Lorraine Parada was driving her car on Highway #2 in the municipal district of Air Ronge, Saskatchewan. Officer De Bruin noticed her driving. She was not driving well. She had crossed over the centre line, more than once. De Bruin pulled her over. As he spoke to her and asked for her licence and other documents he made observations that led him to suspect she was impaired. He made a roadside demand. As he did not have an approved screening device with him, he demanded she perform field sobriety tests [SFST] pursuant to section 254(2)(a) Code. Those tests, as per the Regulations, include the horizontal gaze nystagmus, the walk-and-turn test and the one-leg stand test. Parada failed. She was arrested. She later provided samples of her breath. She was over the legal limit. She was charged. She was convicted at trial. She appealed: 2016 SKCA 102.
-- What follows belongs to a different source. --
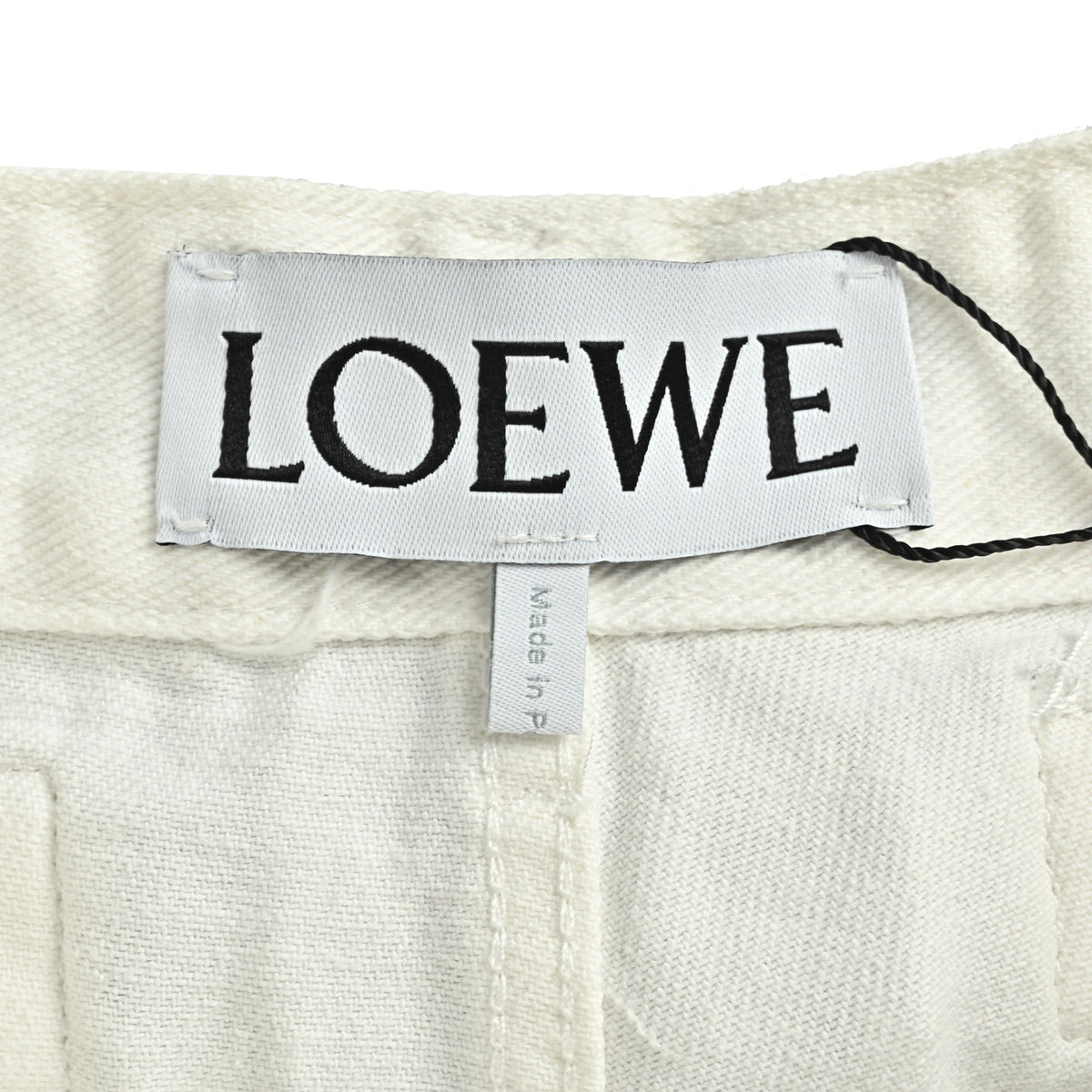 Distressed Straight-Leg Light Grey Beige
On appeal Parada argued, inter alia, that the trial judge erred in allowing the officer to give "opinion" evidence related to the SFSTs without being qualified as an "expert" and requiring 657.3 notice.
The Court of Appeal dismissed the appeal. The court began by noting that there are three recognized "categories" of experts capable of providing opinion evidence: (i) Mohan qualified experts; (ii) lay witness opinions (see Graat); and (iii) statutory experts. In relation to the statutory experts the court cited Bingley, 2015 ONCA 439. The court noted that in that case the ONCA held that drug recognition officers (evaluating officers as per s254 Code) need not be qualified to give an opinion on impairment. The statutory scheme, including the Code provisions and Regulations, provide the authority to permit DRE officers to give such an opinion.
In the present case section 254(2)(a) does not require that the officer be an "evaluating officer". If DREs need not be qualified under Mohan, the court concluded that officers performing the SFSTs need not be qualified under Mohan to provide evidence (admissible only for grounds at any rate) on the SFST tests.
Parada is another helpful decision settling the law across the country on issues related to the drug impaired driving provisions. As in Bingley, the court recognized the existence of "statutory" experts capable of giving an opinion pursuant to their qualifications under statute. This approach is logical, reasonable and consistent with statutory interpretation. It is one that the Supreme Court will likely accept when Bingley is decided later this year.